**PROBLEM REQUIREMENTS:** Exactly the lines below from the line with "Soft Cream /" through the line with "Diagram for Infiniti" must make up the answer, both ends included and pictures left out.

**MATERIAL FOR THIS EXERCISE:**
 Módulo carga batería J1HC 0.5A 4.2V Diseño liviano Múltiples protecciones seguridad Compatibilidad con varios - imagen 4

...

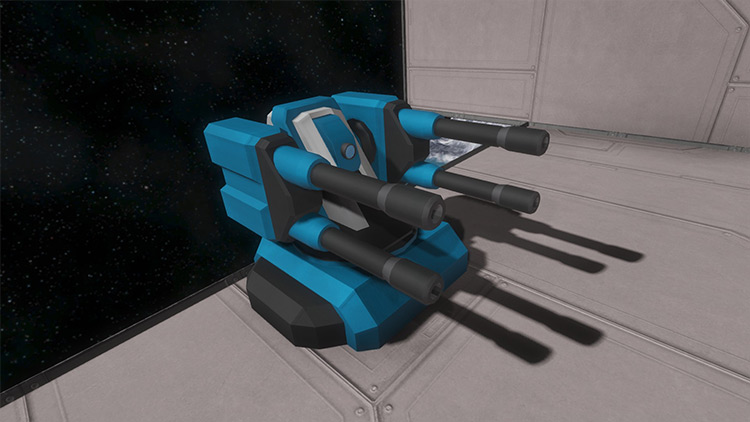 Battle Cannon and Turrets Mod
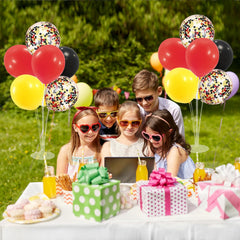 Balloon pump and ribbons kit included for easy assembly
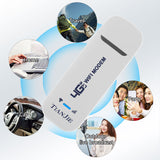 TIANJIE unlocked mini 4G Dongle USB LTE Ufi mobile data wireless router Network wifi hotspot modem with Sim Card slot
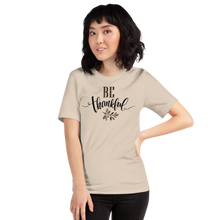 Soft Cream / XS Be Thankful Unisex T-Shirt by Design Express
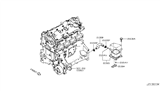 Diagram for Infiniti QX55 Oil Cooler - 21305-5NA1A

**SOLUTION FOR THIS PROBLEM:**
 Soft Cream / XS Be Thankful Unisex T-Shirt by Design Express
 Diagram for Infiniti QX55 Oil Cooler - 21305-5NA1A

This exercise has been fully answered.